Here are the statements. I have several ideas on how to go about proving them, but I couldn't develop those ideas fully. I'd like to ask for some comments/hints.
(i) Show that whenever the natural numbers $\Bbb N$ are finitely coloured, one can find monochromatic $x,y,z \in \Bbb N$ such that $x+y=z$.
(ii) Show that whenever the natural numbers $\Bbb N$ are finitely coloured, one can find distinct monochromatic $x,y,z \in \Bbb N$ such that $x+y=z$.
In my proof attempts I use the infinite Ramsey theorem, which is as follows:
Theorem 1.1. For any positive integer $k$ and and $r$-colouring of $\binom{\Bbb{N}}{k}$, there exists an infinite set $S \subseteq \Bbb N$ for which $\binom{S}{k}$ is monochomatic.
Here of course $k =1$.
My first idea is to use induction on the number of infinite monochromatic sequences, which is at least 1 by the infinite Ramsey theorem. If there's only one such sequence, then it contains a number $u$ that is greater than any number in any other sequences. Then we can have $x = u, y = u, z = 2u$ (or $x = u, y = 2u, z = 3u$ for part (ii)). .
If, otherwise, there are $k$ infinite monochromatic sequences, we can go "color-blind", considering the colors $k-1$ and $k$ to be the same, thus reducing the number of infinite monochromatic sequences by 1. By the induction hypothesis, a monochromatic triple $\{x,y,z\}$ exists, and in particular it must belong to the sequence $S_{k-1} \cup S_k$ (as otherwise the merging or splitting of the two sequences $S_{k-1} \text{ and } S_k$ doesn't affect the membership status of $x,y,z$ and we would be done). But here I can't go further to show that $\{x,y,z\}$ must be either in $S_{k-1} \text{ or } S_k$.
The second idea comes from the observation that, assuming the contradiction, if a sequence contains some members $x \text{ and } y$, then it cannot contains $2x, 2y \text{ and } x+y$. The monochromatic sequences are infinite, the number of colors is finite, and so I think the pigeonhole principle can somehow be used to show that some appropriate multiples of numbers or sums of them would end up in one of the sequences.
Edit: it has been pointed out to me that the triples I seek are called Schur's triples. The proof presented uses a different version of Ramsey's theorem, but I'm still interested in whether it's possible to prove this using my first idea above. I feel like it's come quite close.

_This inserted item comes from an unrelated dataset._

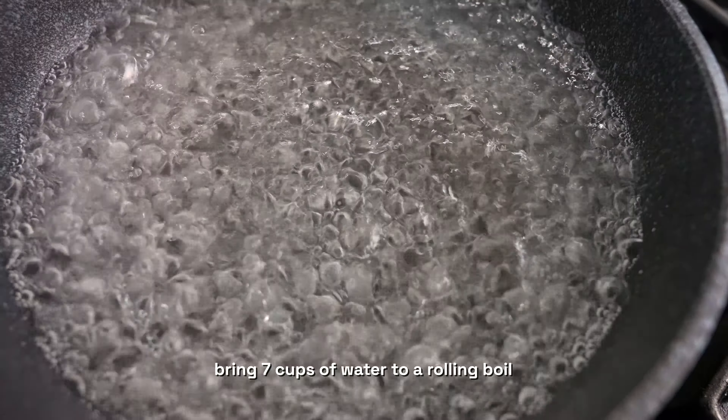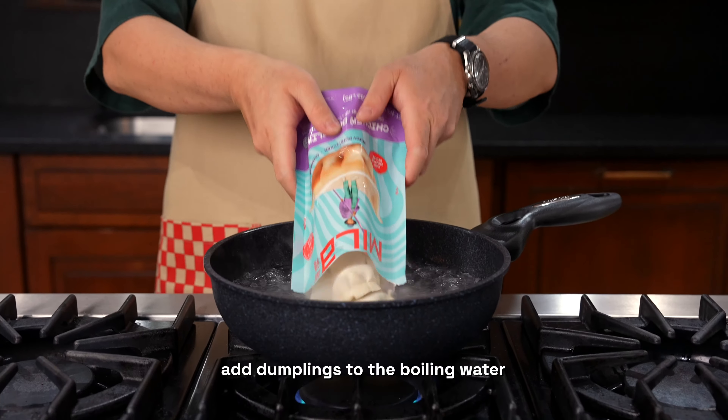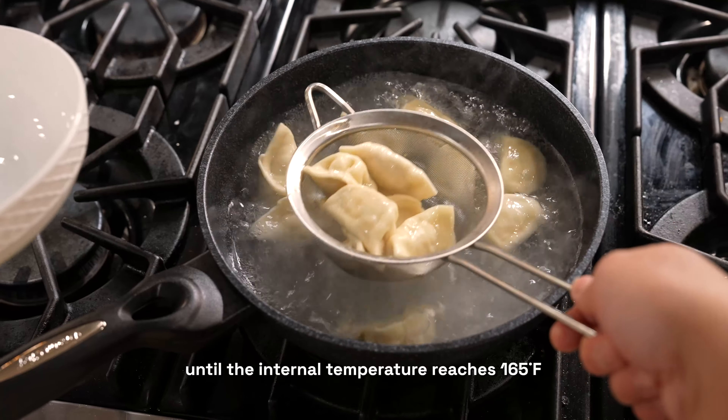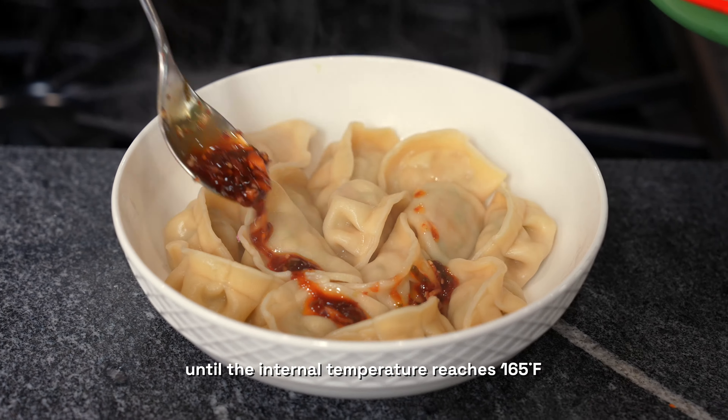In a large pot, bring seven cups of water to a rolling boil. Add dumplings to the boiling water and wait for reboiling. After reboiling, continue cooking for four to six minutes until the internal temperature reaches 165 degrees Fahrenheit.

Referring to i) only, what you are after are monochromatic Schur triples. (A Schur triple is a triple $(a,b,c)$ with $c=b+a$.) It was shown by Schur that for any fixed $r$ there exists some $s(r)$ such that if the integers $1,2,...,s(r)$ are colored in $r$ colors, then one of the color classes contains a monochromatic triple. This is, in fact, an easy consequence of the Ramsey theorem: assuming that every positive integer $z$ is assigned the color $c(z)\in\{1,\dotsc,r\}$, consider the complete graph on $n$ vertices with the edge joining vertices $i$ and $j$ assigned the color $c(|i-j|)$. If $n$ is large enough, then (by the Ramsey theorem) this graph contains a monochromatic triangle, and it is very easy to see that the vertices of this triangle correspond to a Schur triple.